▸ **DIRECTIONS FOR THIS TASK**:
When you reach the line that contains "Girls Ballroom Dance" in the data below, start reproducing lines exactly, and stop after the line that contains "How Newcastle United".

▸ **RECORDED INFORMATION**:
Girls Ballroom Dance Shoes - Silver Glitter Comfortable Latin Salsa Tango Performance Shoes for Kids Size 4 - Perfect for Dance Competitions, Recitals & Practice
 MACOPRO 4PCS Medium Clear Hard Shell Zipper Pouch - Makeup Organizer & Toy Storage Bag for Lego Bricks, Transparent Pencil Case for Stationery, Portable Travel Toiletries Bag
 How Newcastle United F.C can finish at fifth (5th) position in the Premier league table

--

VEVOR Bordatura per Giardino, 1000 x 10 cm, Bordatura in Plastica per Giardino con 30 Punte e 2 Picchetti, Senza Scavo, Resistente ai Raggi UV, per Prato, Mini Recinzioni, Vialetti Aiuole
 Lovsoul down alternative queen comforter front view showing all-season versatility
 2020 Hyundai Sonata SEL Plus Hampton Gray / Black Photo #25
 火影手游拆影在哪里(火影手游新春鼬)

▸ **WRITTEN REPLY**:
Girls Ballroom Dance Shoes - Silver Glitter Comfortable Latin Salsa Tango Performance Shoes for Kids Size 4 - Perfect for Dance Competitions, Recitals & Practice
 MACOPRO 4PCS Medium Clear Hard Shell Zipper Pouch - Makeup Organizer & Toy Storage Bag for Lego Bricks, Transparent Pencil Case for Stationery, Portable Travel Toiletries Bag
 How Newcastle United F.C can finish at fifth (5th) position in the Premier league table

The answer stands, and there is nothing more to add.